I knew Wednesday was a lost cause as I went from class, to an airport shuttle, to a plane, to my car to drive home by 1:00 a.m. Not that big a deal because I had hit it hard the two prior days and could get back at it Thursday (oops), well Friday (nope), and no doubt Saturday (can't explain why but just didn't). So I didn't update my blog on Thursday (which breaks a committment to myself) and have somehow managed to get to Sunday morning and realize I haven't worked out beyond a dog walk since Tuesday.

Well my new favorite book Mindset, teaches that failure is just information, so I'll process the information and move on. The biggest piece of information is that I have lots of habits and routines built around my work that don't support my health. I need to work on breaking those and stop using work fatigue as an excuse to skip workouts and eat poorly. It's also interesting that the woman I live with who is related to me by marriage strongly encouraged me to work out today because apparently I'm not real pleasant right now. I didn't believe it and told her to go to hell... j/k, but I didn't realize my malaise was so obvious.

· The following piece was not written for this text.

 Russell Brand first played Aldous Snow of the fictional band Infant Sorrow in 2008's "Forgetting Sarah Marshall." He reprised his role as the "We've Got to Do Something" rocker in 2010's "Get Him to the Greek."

So I'll probably hit the gym when she gets home, even if it means I watch the Packers from a treadmill or elliptical. That mood to exercise connection is particularly strong lately.

Nutrition update: My nutrition has followed the same up and down pattern over the last 10 days. I have done a great job of avoiding ice cream even though I crave it like a junkie, but I used fatigue and convenience to allow myself to eat fries 3 times in 10 days, so that's not great.

The lesson is the same, I need to plan not react or I make bad choices right now. It's just hard because I feel like I can't find time to do all that planning. Of course, bad health habits will shorten my time on the planet, so I need to make the time. Seems that my de-porking program tomorrow is coming at the perfect time. Many around me would say that nutrition is my nemesis, so I'm hoping to do good work in that area. I've even noticed I struggle to write much about nutrition, perhaps that means something.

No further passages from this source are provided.